**What this task involves**
Give back exactly the lines of the material below that start at the line containing "Cosine is not" and end at the line containing "Very basic statistics.", and no others.

**The data**
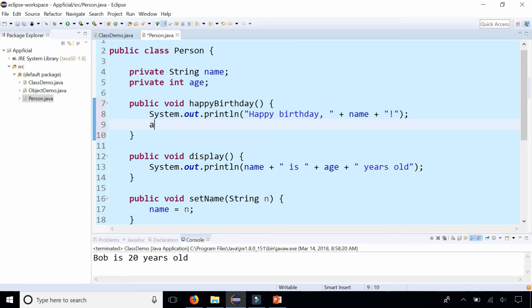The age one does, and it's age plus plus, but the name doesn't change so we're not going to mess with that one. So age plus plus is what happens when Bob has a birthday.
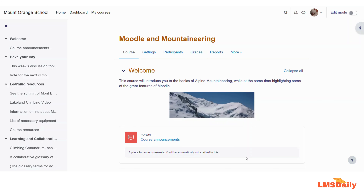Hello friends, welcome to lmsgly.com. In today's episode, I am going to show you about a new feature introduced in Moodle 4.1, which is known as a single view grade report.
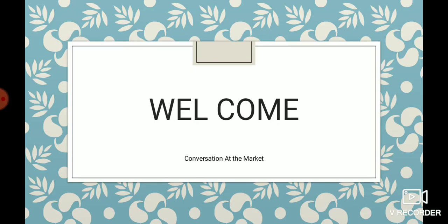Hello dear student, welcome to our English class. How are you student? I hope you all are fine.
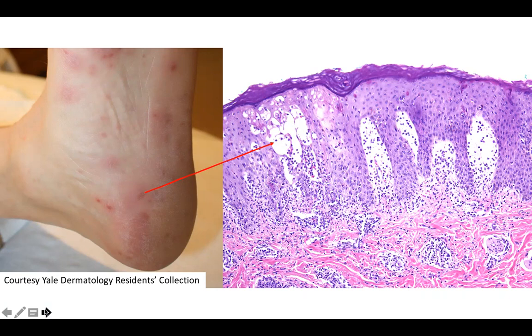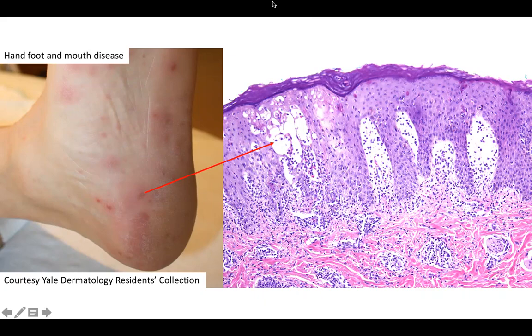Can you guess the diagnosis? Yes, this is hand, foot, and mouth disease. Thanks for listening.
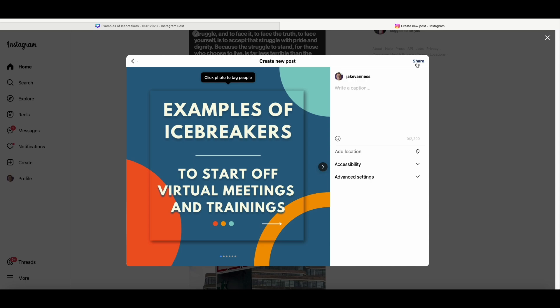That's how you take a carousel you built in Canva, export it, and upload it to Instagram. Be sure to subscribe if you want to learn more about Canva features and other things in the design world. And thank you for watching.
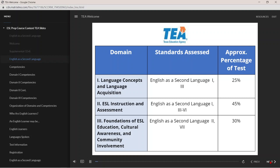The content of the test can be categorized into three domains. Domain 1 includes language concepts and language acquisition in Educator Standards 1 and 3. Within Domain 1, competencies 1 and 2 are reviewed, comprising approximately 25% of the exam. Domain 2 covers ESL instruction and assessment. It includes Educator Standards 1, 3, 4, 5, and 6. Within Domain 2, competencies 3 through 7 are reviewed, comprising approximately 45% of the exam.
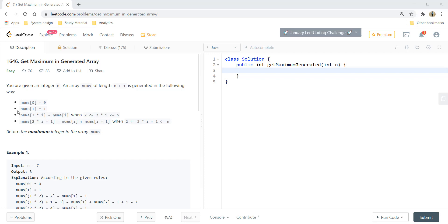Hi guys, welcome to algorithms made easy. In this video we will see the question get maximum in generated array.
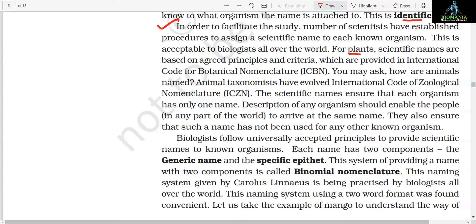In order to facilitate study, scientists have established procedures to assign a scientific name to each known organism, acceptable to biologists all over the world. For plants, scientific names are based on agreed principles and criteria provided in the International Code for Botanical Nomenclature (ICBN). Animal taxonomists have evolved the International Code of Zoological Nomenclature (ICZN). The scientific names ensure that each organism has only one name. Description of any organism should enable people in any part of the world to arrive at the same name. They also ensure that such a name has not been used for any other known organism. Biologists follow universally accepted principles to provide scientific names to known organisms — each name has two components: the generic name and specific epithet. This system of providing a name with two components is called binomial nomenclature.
...
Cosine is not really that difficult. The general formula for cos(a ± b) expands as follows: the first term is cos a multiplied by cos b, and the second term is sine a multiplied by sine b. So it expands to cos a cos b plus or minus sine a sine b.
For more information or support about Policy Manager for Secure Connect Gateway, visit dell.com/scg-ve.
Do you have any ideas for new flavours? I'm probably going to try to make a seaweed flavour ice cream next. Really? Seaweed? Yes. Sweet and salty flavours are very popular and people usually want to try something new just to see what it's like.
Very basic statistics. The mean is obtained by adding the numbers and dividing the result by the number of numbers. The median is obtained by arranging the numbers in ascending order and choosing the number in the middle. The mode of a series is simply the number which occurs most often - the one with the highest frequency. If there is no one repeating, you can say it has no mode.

**Task response**
Cosine is not really that difficult. The general formula for cos(a ± b) expands as follows: the first term is cos a multiplied by cos b, and the second term is sine a multiplied by sine b. So it expands to cos a cos b plus or minus sine a sine b.
For more information or support about Policy Manager for Secure Connect Gateway, visit dell.com/scg-ve.
Do you have any ideas for new flavours? I'm probably going to try to make a seaweed flavour ice cream next. Really? Seaweed? Yes. Sweet and salty flavours are very popular and people usually want to try something new just to see what it's like.
Very basic statistics. The mean is obtained by adding the numbers and dividing the result by the number of numbers. The median is obtained by arranging the numbers in ascending order and choosing the number in the middle. The mode of a series is simply the number which occurs most often - the one with the highest frequency. If there is no one repeating, you can say it has no mode.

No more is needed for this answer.